Why this matters. This theory bridged the gap between classical genetics (counting offspring ratios) and cytology (looking at chromosomes under a microscope). Once chromosomes carried genes, genetics had a physical substrate – and the road to DNA, half a century later, was open.

Walter Sutton and Theodor Boveri (1902); experimentally confirmed by T.H. Morgan via his Drosophila studies on linkage and sex-linked inheritance.

Strategic angle. Two clean autosomal examples, each with a crisp molecular cause and a clinical phenotype paragraph. Don't pad with extras – quality of two beats a poorly-described five.

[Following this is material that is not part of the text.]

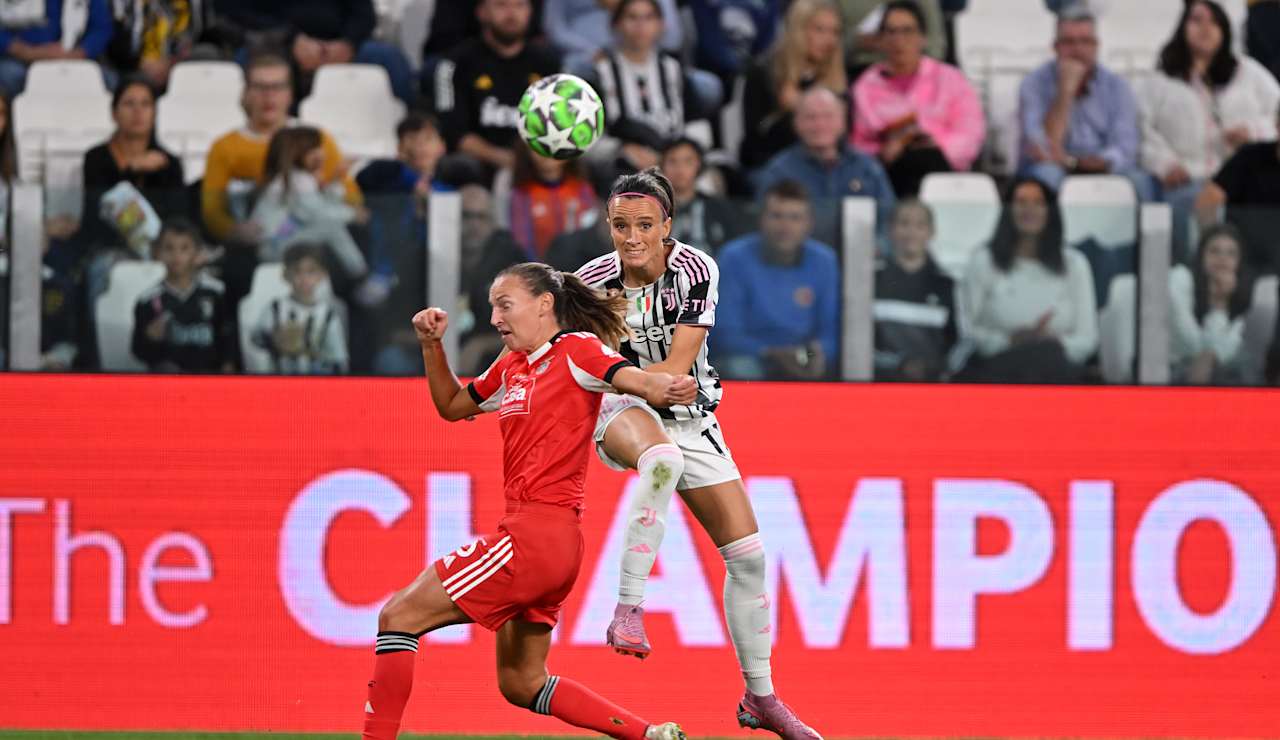 uwcl-women-benfica-02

1. Example 1 – Sickle-cell anaemia.
   • Inheritance: autosomal recessive (chromosome 11).
   • Molecular lesion: GAG → GTG point mutation at codon 6 of β-globin; Glu → Val.
   • Pathophysiology: HbS polymerises under low O₂; red cells deform into rigid sickles; cells lyse and block capillaries.
   • Symptoms: chronic anaemia, vaso-occlusive pain crises, infections, organ damage, stunted growth.
2. Example 2 – Phenylketonuria.
   • Inheritance: autosomal recessive (chromosome 12).
   • Molecular lesion: deficient/absent phenylalanine hydroxylase; phenylalanine cannot be converted to tyrosine.
   • Pathophysiology: phenylalanine and its toxic derivatives (phenylpyruvate) accumulate in blood and brain.
   • Symptoms: progressive intellectual disability in untreated infants, reduced pigmentation, musty urine odour, seizures.
   • Management: low-phenylalanine diet from birth prevents symptoms – a rare example of a managed inborn error of metabolism.

Why this matters. Both examples illustrate how a single gene defect on an autosome produces a definite disease pattern that is independent of the patient's sex, and both have well-defined molecular mechanisms – a far cry from the symptomatic guesswork of pre-genetic medicine.

Sickle-cell anaemia (autosomal recessive: HbS polymerisation, sickled red cells, anaemia, pain crises); phenylketonuria (autosomal recessive: phenylalanine hydroxylase deficiency, intellectual disability, musty urine, light pigmentation, treatable by diet).